The Bitcoin futures contango

As the crypto market matures, Bitcoin’s spot price is increasingly influenced by global geopolitical events, regulatory changes, traditional financial market movements, and other relevant macroeconomic events. However, the growing Bitcoin derivatives market also shapes Bitcoin’s price movements, albeit a smaller one.

Futures and options contracts are particularly insightful for predicting Bitcoin’s future movements as they reflect the sentiment of a sophisticated market segment. However, merely looking at the volume of derivatives contracts or open interest doesn’t provide a comprehensive view of market sentiment. Instead, considering more nuanced metrics, such as the Bitcoin futures annualized three-month rolling basis, is also essential.

The Bitcoin futures annualized three-month rolling basis measures the difference between the current (spot) price of Bitcoin and the price of a futures contract for Bitcoin that expires in 3 months. This difference is calculated on a rolling basis and expressed as an annual percentage rate.

Contango

A negative rolling basis indicates that futures prices are lower than the spot price, a situation known as “backwardation.” Conversely, a positive rolling basis, where futures prices are higher than the spot price, is called a “contango.”

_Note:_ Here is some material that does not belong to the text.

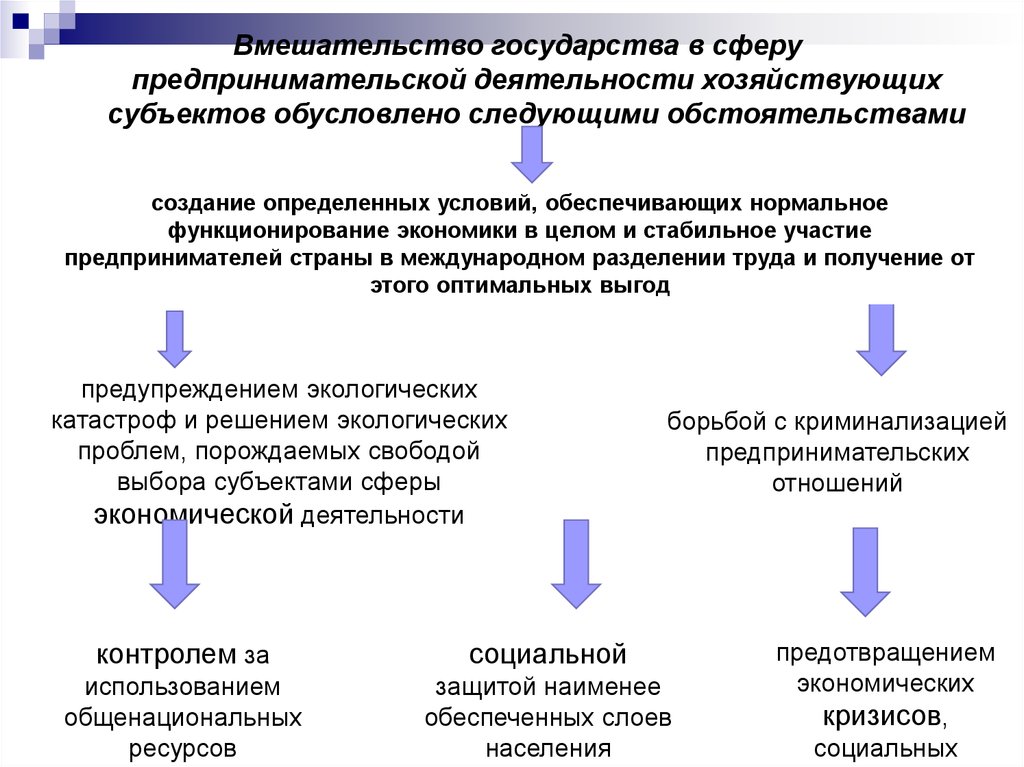 Принципы государственного регулирования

Contango is a critical concept in traditional markets, especially commodities, as it reflects the cost of carry or storage until the contract’s expiration. In the context of Bitcoin, contango suggests that traders are willing to pay a premium for Bitcoin futures as they expect the price to rise in the future.

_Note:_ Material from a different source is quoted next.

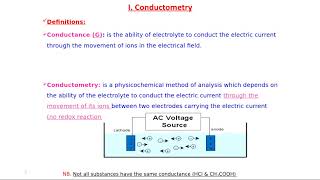 conductometry analytical chemistry [upl. by Christiana]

Between November 2022 and January 2023, the annualized three-month rolling basis was mostly negative, correlating with Bitcoin’s sharp plunge from $21,200 to $15,500. This negative rolling basis reflected a bearish market sentiment during this period, showing that traders expected Bitcoin’s price to depreciate even further.

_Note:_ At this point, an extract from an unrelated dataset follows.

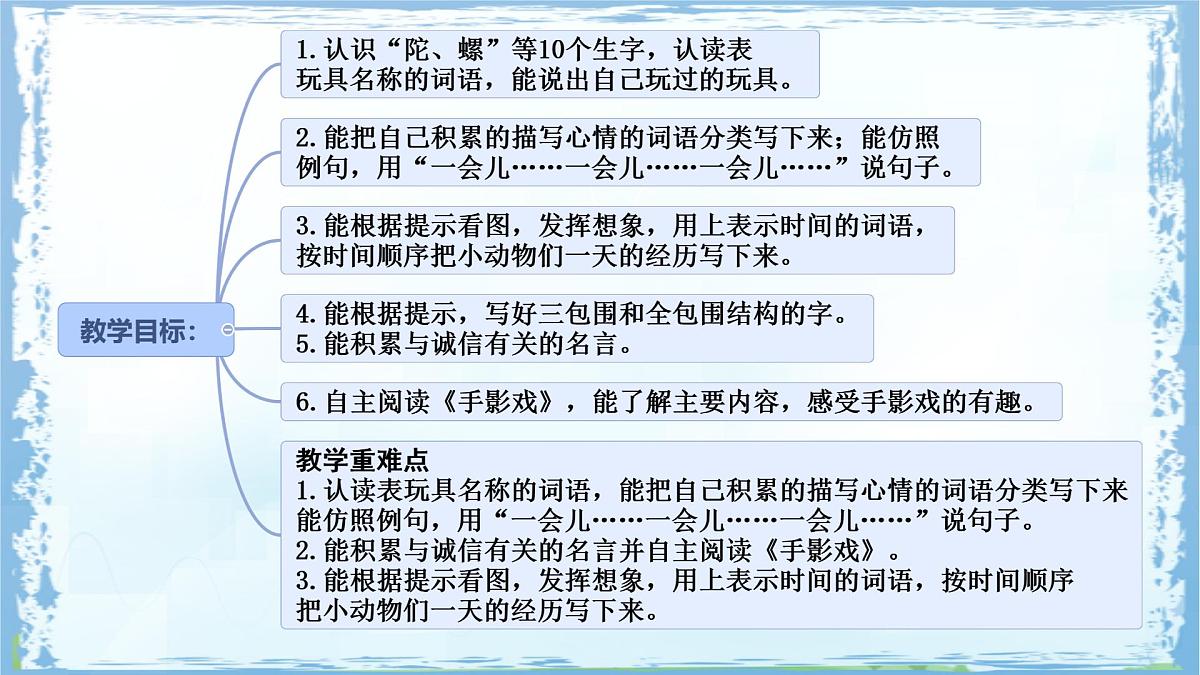 统编版二年级语文下册课件《语文园地四》第2页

Graph showing the Bitcoin futures annualized three-month rolling basis from September 2022 to December 2022 (Source: Glassnode)

However, the rolling basis turned positive in 2023, growing from 0.197% on January 2 to a 17-month peak of 5.883% on July 13. This shift to contango suggests a bullish market sentiment, with traders willing to pay a premium for Bitcoin futures.

bitcoin futures 3-month rolling basis YTD
Graph showing the Bitcoin futures annualized three-month rolling basis from January 2023 to July 2023 (Source: Glassnode)

The 3 Month Futures Annualized Rolling Basis dropped to 5.321% on July 18 from 5.883% on July 13, while Bitcoin’s price fell to $28,854 from $31,454. This decrease in the rolling basis, coupled with the drop in Bitcoin’s price, suggests traders in the futures market are slightly less optimistic about the price of Bitcoin increasing over the next three months than on July 13.

bitcoin futures 3-month rolling basis 2w
Graph showing the Bitcoin futures annualized three-month rolling basis from July 7 to July 19 (Source: Glassnode)

However, the basis is still positive, which means the market is still in a state of contango where the futures price is higher than the spot price. This indicates that the overall sentiment in the futures market remains bullish, but traders seem to have recalibrated their expectations to factor in a more conservative price range.